An analysis of low-level moisture flux convergence prior to the 3 May 1999 Oklahoma City tornadoes

The availability of high time resolution boundary-layer wind, temperature and moisture around the tornadic thunderstorms which developed on 3 May 1999 offers an unprecedented opportunity to study the evolution of the lower-level moisture flux convergence fields needed to support the development and continued growth of these storms. In addition to data available from the inner-core of the Wind Profiler network, data from five co-located Atmospheric Emitted Radiance Interferometer (AERI) instruments provided detailed temperature and moisture data for the lowest three kilometers of atmosphere at ten minute resolution in clear sky and to cloudbase.

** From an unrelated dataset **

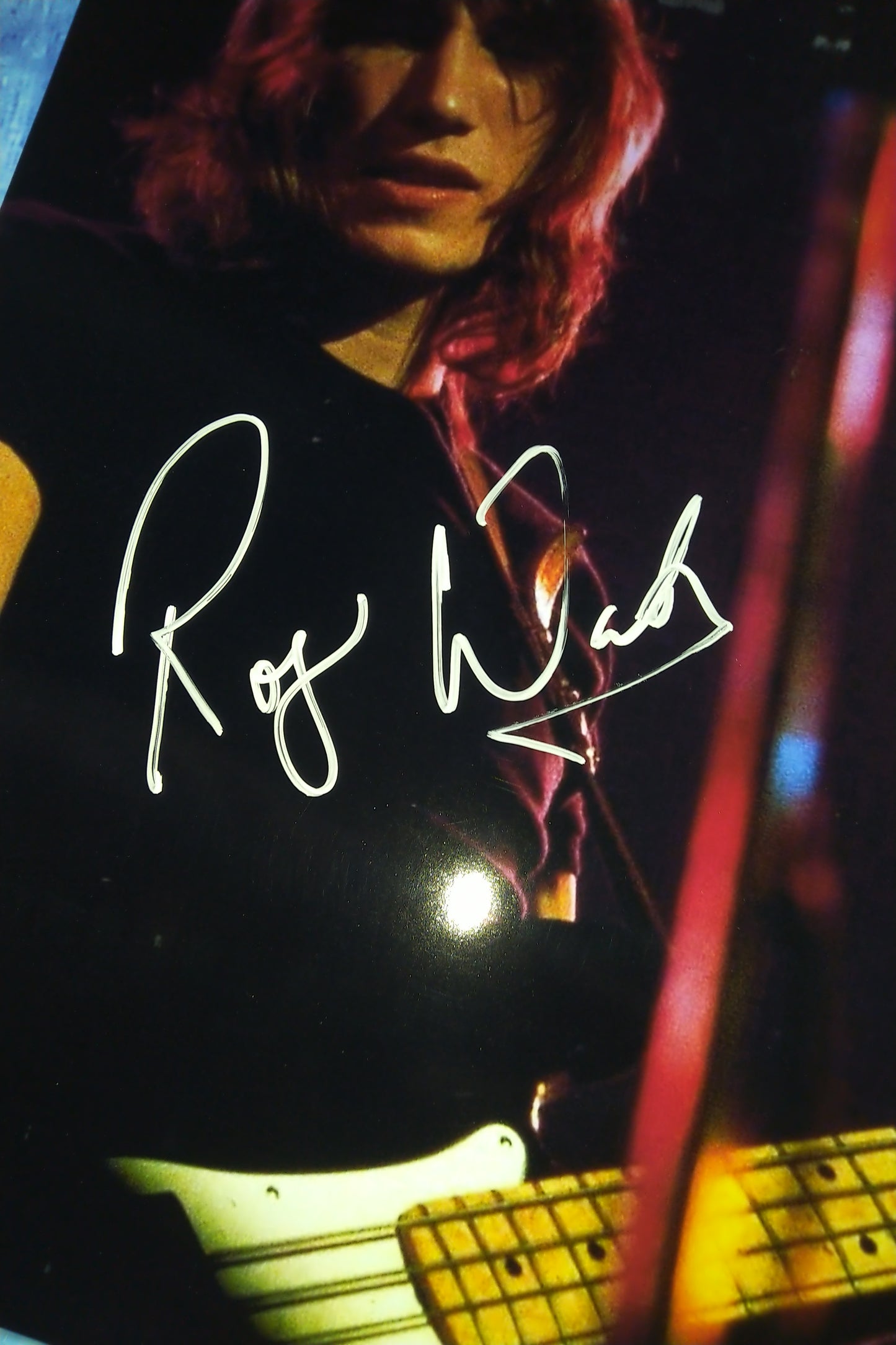 Roger Waters Hand Signed Autograph 8x10 Photo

Although the AERI data alone can be used to monitor the evolution of the convective available potential energy (CAPE) and convective inhibition (CIN) at each of the instrument locations, the combination of the moisture and temperature information with wind profiler observations facilitates detailed studies of the dynamical processes involved in modifying the pre-convective environment and focusing the energy needed to subsequent convection. The results shown will focus on:

- Determining the dynamical processes responsible for both increasing the depth of the low-level moisture source and enhancing the convective instability,

- Evaluating the relative roles of divergence and advective processes in supporting the low-level moisture convergence structure, and

- Assessing the implications that these finding have on the relative roles that improvements in depicting wind field dynamics (e.g., numerical models) and observations of moisture gradients (e.g., observing systems) will have in future severe storm prediction systems.